1113825 – Add/delete DNS record may fails occasionally

Bug 1113825 - Add/delete DNS record may fails occasionally

Summary: Add/delete DNS record may fails occasionally

Keywords:
Status:	CLOSED INSUFFICIENT_DATA
Alias:	None
Product:	OpenShift Container Platform
Classification:	Red Hat
Component:	Networking
Sub Component:
Version:	2.1.0
Hardware:	Unspecified
OS:	Unspecified
Priority:	medium
Severity:	medium
Target Milestone:	---
Target Release:	---
Assignee:	Timothy Williams
QA Contact:	libra bugs
Docs Contact:
URL:
Whiteboard:
Depends On:	1118396
Blocks:	1273542
TreeView+	depends on / blocked

Reported:	2014-06-27 03:02 UTC by Anping Li
Modified:	2023-09-14 02:10 UTC (History)
CC List:	15 users (show)
Fixed In Version:
Doc Type:	Bug Fix
Doc Text:
Clone Of:
Environment:
Last Closed:	2016-05-17 17:29:15 UTC
Target Upstream Version:
Embargoed:

Attachments	(Terms of Use)

Links
System	ID	Private	Priority	Status	Summary	Last Updated
Red Hat Bugzilla	1022335	0	low	CLOSED	[performance] inconsistent happens when deleting a certain number of applications concurrently	2021-02-22 00:41:40 UTC

Internal Links: 1022335

Description Anping Li 2014-06-27 03:02:44 UTC

Description of problem:
The cartridge scale up/down or app creation fails occasionally and reports like "error adding app record perl1s-**.example.com". 

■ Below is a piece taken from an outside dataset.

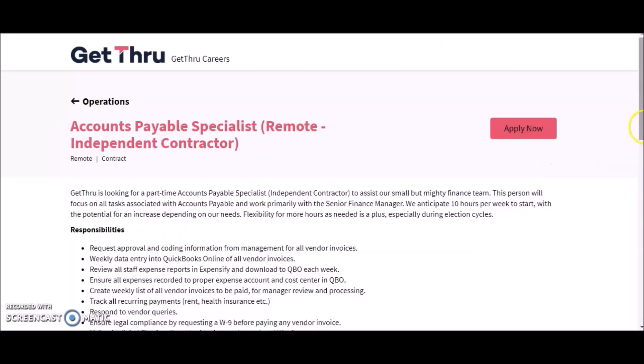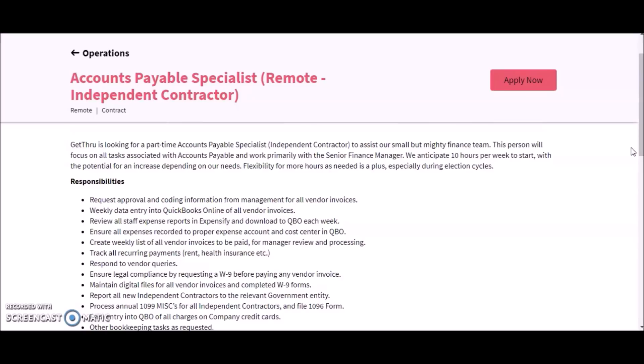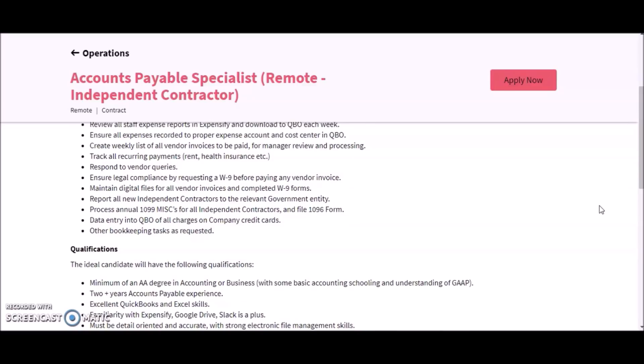Another company is GetThru, and they're currently looking for accounts payable specialists to work remotely. This is an independent contractor position. GetThru is looking for part-time accounts payable specialists to assist their small but mighty finance team. This person will work primarily with the senior finance manager, with an anticipated 10 hours per week to start, with potential for increase. Responsibilities include request approvals, weekly data entry, reviewing all staff expense reports, ensuring all expenses are recorded, creating weekly lists, tracking recurring payments, responding to vendor queries, ensuring legal compliance, maintaining digital files, and reporting new independent contractors to relevant government entities, including processing annual 1099s.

In my broker,there are 170 failure in 12346. it is about 1.2%. I think this is not acceptable.

I traced in nsupdate_plugin.rb, 'system nsupdatecmd' returned error. The nsupdate reported "dns_dispatch_getudp (v4): permission denied" or "dns_dispatch_getudp (v6): permission denied."."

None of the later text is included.